Post-extraction dental bone resorption may hinder the placement of dental implants in this region , especially in cases where the patient has had an edentulous segment for a long period of time, and also in complex cases where there is bone loss due to trauma. Thus, it is often necessary to perform grafting procedures prior to implant placement. Guided bone regeneration with barrier membranes, ridge expansion of the alveolar process, and particulate bone and bone block procedures are among the surgical grafting techniques currently in use, as well as combinations of these techniques. Different types of graft may be used, such as autogenous bone (from the same patient), allogeneic bone (from individuals of the same species), xenogeneic bone (from a different species to that of the recipient), and alloplastic material (biomaterial of synthetic origin) . However, in complex cases of bone atrophy, particularly those that occur in the anterior maxilla, options for reconstructive grafting and the distribution of implants in the edentulous segment may be restricted due to an insufficient height and thickness of bone, as well as the presence of important anatomical structures such as the incisive canal.
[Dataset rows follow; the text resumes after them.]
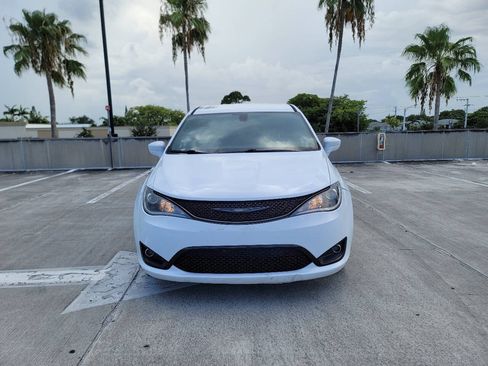 Used 2019 Chrysler Pacifica Touring Plus w/ S Appearance Package FWD image 3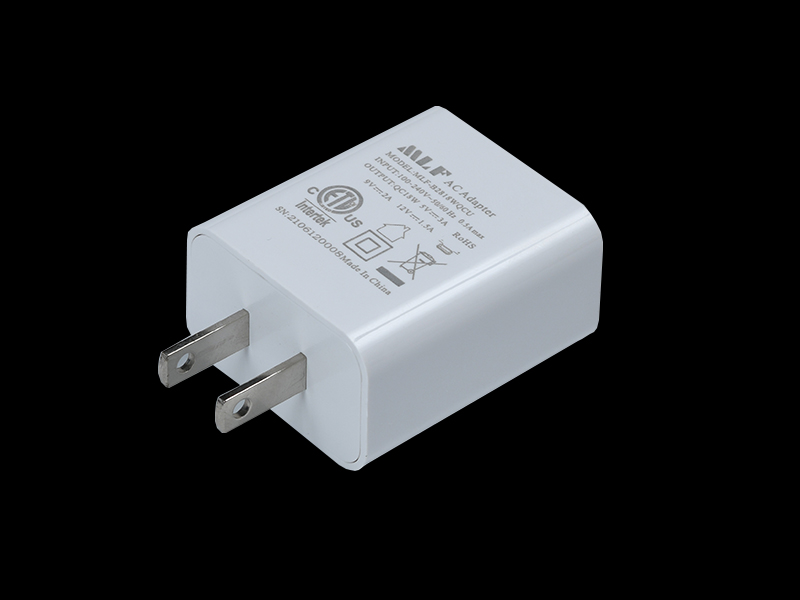 B28 QC18W 中規(guī)單USB 充電器
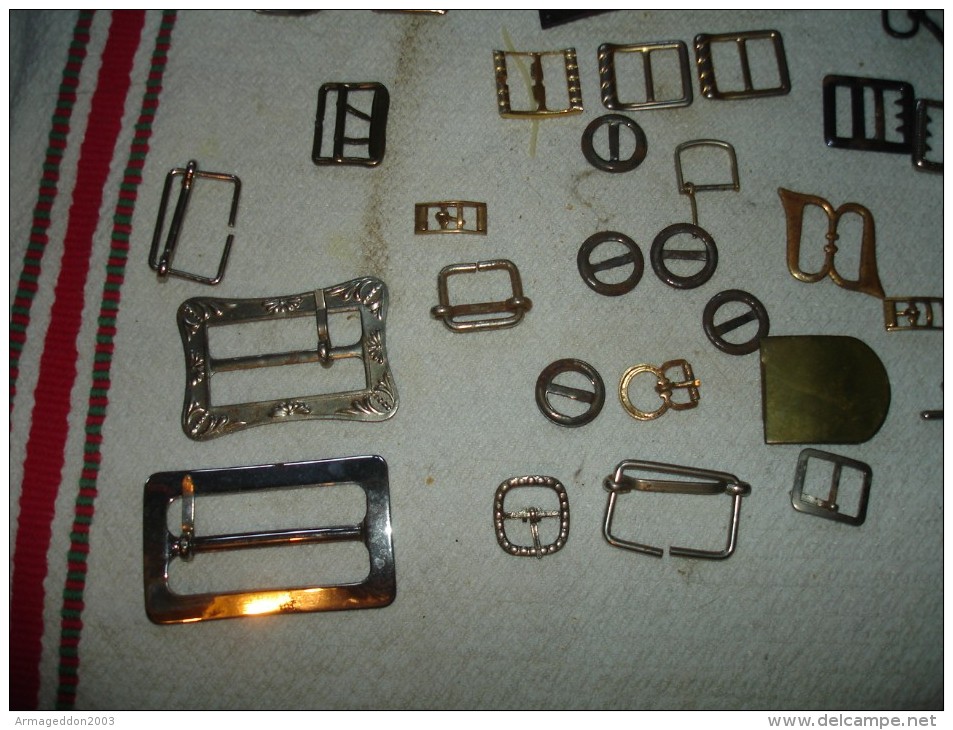 COLLECTION LOT DE BOUCLES DE CEINTURE ANCIENNE VINTAGE EN METAL 54 PIECES - Belts & Buckles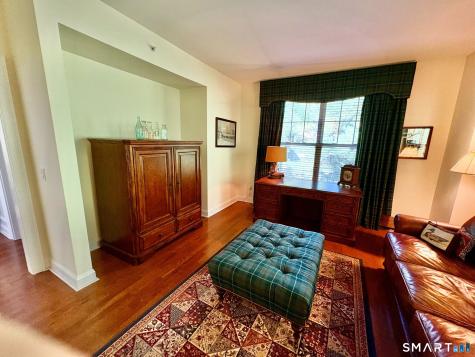 22 Franklin Court Newtown CT 06470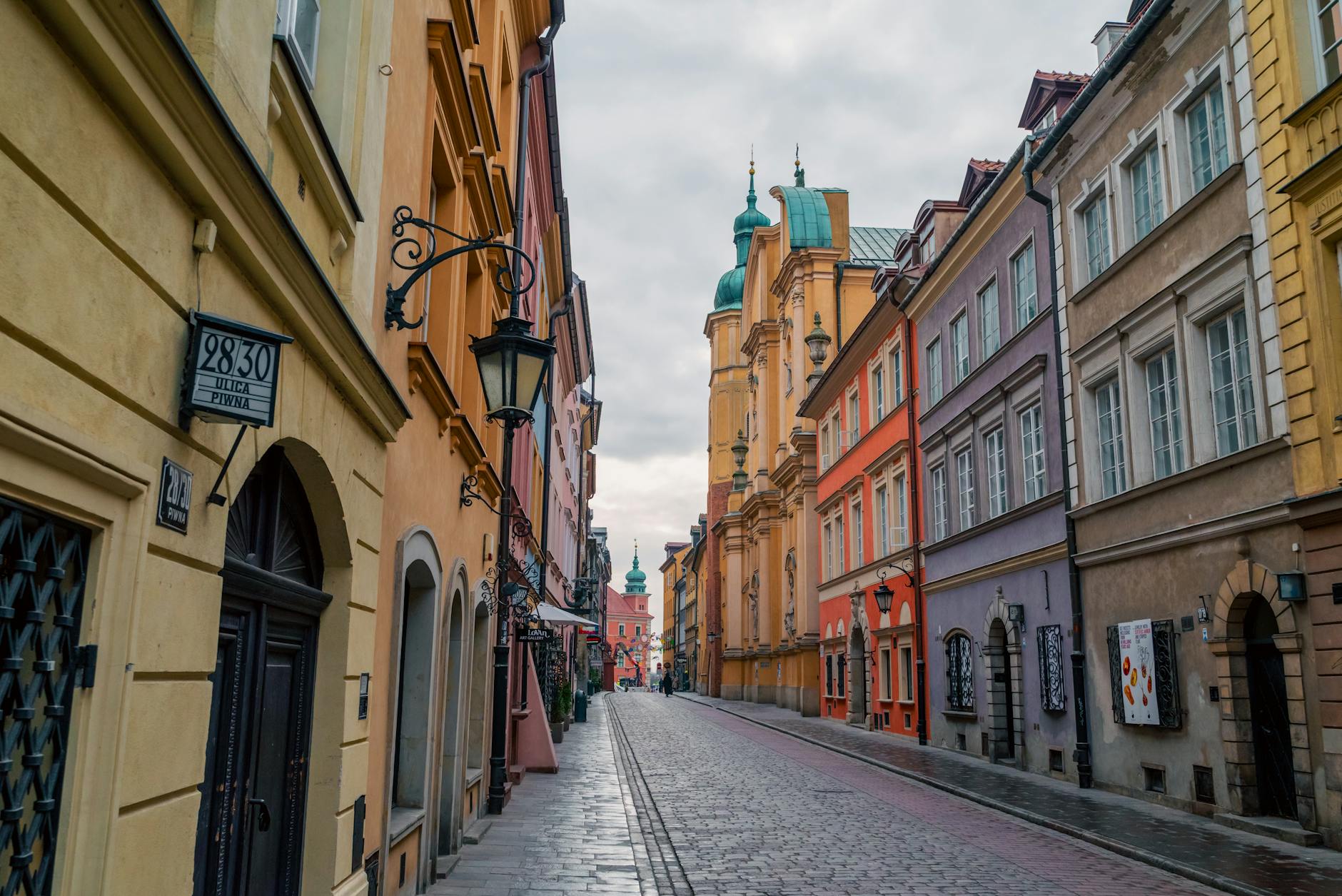 Kolorowe kamienice przy zabytkowej ulicy przypominającej stare centrum miasta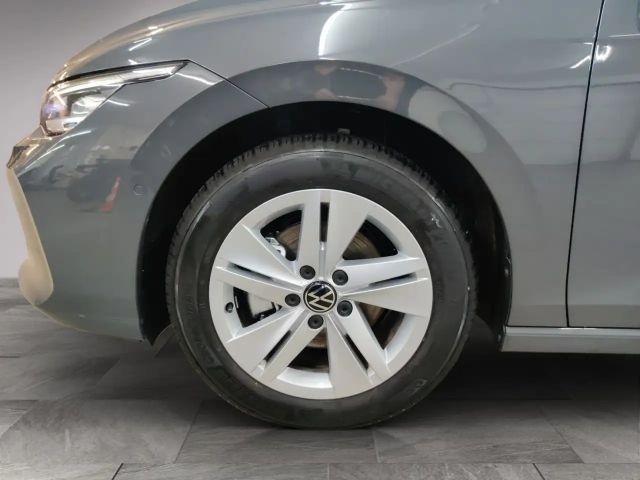 Volkswagen Golf 1.5 TSI Life Variant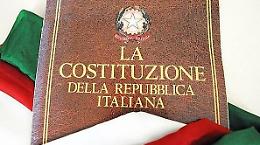 Il sindaco se ne infischia della Costituzione e non la consegna ai diciottenni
The incisive canal is located in the midline of the maxilla, and its foramen is described as a funnel-shaped hole situated between the two halves of the palate, behind the upper central incisors . This canal contains the nasopalatine nerve and the terminal branch of the nasopalatine artery, which provide innervation and vascularization to the palatal region from canine to canine. These structures also form anastomoses with the greater palatine nerve and artery, so there is a collateral neurovascular supply . Great variations in the shape and size of this canal are reported in the literature . The dental status of the anterior maxilla (presence or absence of one or two central incisors), as well as patient sex and age, can have an influence on the morphology of the canal .
Bone graft filling of the site for anterior maxilla dental implant rehabilitation has been performed successfully using two techniques: incisive canal deflation and neurovascular bundle lateralization . The former consists of the removal of the neurovascular bundle and the use of a particulate graft, which can be concomitant or not with dental implant placement, while the latter is described as the manipulation of the neurovascular bundle in a posterior direction, usually associated with bone grafting, with or without concomitant dental implant installation. There have been reports of the occurrence of complications, such as hyperesthesia and hypoesthesia, with the use of both of these techniques .
This surgical procedure can provide an elective anchorage area for dental implants in a region thought to be critical. This systematic literature review was performed to obtain an answer to the following guiding question: What is the success rate of dental implants installed in the incisive canal region and what are the complications that can be expected with this type of surgery?